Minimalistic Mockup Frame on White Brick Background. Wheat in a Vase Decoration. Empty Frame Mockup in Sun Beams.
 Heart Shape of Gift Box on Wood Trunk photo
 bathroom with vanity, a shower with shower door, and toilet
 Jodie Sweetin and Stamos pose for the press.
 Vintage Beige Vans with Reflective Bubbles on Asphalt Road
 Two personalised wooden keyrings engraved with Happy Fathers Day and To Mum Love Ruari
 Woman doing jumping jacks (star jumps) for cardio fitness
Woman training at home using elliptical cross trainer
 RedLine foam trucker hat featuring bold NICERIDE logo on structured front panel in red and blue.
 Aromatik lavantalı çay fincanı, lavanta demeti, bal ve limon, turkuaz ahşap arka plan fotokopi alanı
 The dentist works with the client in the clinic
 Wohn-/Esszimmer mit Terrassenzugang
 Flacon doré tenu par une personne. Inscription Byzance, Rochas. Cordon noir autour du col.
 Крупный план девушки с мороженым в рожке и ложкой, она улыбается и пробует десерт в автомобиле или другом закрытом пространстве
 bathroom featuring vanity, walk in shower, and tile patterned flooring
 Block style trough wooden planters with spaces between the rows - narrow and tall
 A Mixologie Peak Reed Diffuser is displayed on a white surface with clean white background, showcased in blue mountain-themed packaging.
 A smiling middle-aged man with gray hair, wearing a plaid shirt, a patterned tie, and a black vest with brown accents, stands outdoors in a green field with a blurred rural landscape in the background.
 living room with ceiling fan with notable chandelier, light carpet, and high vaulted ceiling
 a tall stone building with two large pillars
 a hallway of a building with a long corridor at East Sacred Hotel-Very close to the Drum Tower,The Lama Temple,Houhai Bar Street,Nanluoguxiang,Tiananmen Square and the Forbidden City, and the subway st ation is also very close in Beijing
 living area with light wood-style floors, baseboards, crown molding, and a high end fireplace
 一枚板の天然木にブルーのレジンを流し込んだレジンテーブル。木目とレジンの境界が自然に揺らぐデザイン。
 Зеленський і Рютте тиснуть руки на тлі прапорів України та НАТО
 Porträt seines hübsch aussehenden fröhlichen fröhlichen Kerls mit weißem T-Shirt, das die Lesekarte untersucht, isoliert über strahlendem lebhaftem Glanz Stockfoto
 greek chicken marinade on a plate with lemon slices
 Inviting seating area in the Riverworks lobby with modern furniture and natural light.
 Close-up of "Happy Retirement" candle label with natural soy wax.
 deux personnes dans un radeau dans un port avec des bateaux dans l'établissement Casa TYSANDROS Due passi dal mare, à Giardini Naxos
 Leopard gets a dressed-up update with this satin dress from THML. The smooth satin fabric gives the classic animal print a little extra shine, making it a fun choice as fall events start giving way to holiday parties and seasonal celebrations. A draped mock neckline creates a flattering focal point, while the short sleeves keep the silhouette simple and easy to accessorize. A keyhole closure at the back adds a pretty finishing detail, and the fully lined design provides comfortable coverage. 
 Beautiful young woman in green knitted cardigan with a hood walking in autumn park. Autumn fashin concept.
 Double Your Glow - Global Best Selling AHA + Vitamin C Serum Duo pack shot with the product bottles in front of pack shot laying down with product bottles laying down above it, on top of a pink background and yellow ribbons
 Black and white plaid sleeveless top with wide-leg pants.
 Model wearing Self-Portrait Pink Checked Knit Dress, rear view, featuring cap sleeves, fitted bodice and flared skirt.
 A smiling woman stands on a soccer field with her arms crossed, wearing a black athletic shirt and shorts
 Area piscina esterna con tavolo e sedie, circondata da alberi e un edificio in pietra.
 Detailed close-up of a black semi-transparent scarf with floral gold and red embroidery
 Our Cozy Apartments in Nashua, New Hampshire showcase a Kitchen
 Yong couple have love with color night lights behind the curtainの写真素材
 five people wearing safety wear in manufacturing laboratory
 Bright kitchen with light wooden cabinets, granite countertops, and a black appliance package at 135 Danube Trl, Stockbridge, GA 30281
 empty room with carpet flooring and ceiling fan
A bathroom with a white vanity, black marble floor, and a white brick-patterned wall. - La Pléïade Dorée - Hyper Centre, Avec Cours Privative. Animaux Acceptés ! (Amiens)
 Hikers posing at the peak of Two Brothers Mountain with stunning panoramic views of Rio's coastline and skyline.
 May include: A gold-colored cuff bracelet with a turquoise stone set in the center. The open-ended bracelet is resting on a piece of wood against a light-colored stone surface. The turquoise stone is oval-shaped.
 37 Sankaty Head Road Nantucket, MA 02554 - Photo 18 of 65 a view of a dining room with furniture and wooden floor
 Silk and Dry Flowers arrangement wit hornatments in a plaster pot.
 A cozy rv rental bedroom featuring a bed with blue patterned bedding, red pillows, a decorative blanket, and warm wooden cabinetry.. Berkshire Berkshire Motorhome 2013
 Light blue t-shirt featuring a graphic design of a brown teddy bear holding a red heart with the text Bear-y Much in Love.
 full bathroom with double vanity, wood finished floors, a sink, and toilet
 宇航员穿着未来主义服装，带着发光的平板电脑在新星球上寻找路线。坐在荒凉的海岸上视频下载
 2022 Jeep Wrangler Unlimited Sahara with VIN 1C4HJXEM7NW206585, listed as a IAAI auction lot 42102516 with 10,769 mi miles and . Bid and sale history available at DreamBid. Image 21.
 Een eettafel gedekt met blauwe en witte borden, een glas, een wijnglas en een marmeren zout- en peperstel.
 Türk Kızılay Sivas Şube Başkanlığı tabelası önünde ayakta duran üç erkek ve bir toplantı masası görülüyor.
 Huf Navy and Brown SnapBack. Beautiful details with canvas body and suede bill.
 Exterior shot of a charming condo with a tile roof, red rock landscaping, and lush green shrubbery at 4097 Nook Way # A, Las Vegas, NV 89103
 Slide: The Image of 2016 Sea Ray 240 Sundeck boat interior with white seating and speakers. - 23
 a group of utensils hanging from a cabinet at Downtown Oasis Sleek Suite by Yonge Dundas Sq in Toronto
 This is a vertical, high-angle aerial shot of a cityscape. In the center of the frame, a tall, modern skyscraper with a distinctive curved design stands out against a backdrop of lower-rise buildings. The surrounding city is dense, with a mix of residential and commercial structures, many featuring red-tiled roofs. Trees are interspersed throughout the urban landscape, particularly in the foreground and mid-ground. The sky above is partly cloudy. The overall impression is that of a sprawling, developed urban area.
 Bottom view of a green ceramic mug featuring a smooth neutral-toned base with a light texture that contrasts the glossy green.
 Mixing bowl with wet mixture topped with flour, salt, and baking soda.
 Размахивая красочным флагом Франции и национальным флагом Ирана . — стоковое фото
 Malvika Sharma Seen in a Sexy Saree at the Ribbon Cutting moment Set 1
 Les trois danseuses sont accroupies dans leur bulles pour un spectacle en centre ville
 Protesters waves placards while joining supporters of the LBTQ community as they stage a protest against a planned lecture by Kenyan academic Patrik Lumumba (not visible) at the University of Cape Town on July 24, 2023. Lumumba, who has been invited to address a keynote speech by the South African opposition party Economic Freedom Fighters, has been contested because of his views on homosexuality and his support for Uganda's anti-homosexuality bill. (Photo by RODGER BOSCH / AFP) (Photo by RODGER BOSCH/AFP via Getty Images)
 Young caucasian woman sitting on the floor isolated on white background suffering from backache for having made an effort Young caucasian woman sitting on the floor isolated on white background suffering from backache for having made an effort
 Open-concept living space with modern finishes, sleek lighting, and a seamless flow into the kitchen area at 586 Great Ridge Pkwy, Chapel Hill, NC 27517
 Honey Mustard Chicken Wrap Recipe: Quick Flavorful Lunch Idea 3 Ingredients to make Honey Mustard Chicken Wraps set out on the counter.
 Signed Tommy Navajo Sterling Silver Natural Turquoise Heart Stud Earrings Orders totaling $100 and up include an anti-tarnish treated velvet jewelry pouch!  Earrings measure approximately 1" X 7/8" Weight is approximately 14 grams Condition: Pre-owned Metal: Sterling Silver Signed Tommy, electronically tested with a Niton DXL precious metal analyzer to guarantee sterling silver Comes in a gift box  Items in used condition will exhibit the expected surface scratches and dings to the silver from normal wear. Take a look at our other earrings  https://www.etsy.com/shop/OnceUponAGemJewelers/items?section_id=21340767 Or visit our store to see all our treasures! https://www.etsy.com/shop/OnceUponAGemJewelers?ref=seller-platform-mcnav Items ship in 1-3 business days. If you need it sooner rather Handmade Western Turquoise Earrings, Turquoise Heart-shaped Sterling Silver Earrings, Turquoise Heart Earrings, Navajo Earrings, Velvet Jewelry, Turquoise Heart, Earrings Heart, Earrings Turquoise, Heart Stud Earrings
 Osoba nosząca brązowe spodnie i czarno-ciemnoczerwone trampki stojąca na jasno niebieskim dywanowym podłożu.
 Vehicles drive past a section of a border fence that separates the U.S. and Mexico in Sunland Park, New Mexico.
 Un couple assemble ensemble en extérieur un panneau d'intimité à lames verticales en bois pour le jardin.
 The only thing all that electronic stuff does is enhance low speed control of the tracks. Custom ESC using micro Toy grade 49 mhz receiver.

* _Instructions for the task_
What you return must be an exact retyping of the lines above starting at the line with "Heart Shape of Gift Box on Wood Trunk photo" and ending at the line with "Woman training at", and nothing besides.

* _Response area_
 Heart Shape of Gift Box on Wood Trunk photo
 bathroom with vanity, a shower with shower door, and toilet
 Jodie Sweetin and Stamos pose for the press.
 Vintage Beige Vans with Reflective Bubbles on Asphalt Road
 Two personalised wooden keyrings engraved with Happy Fathers Day and To Mum Love Ruari
 Woman doing jumping jacks (star jumps) for cardio fitness
Woman training at home using elliptical cross trainer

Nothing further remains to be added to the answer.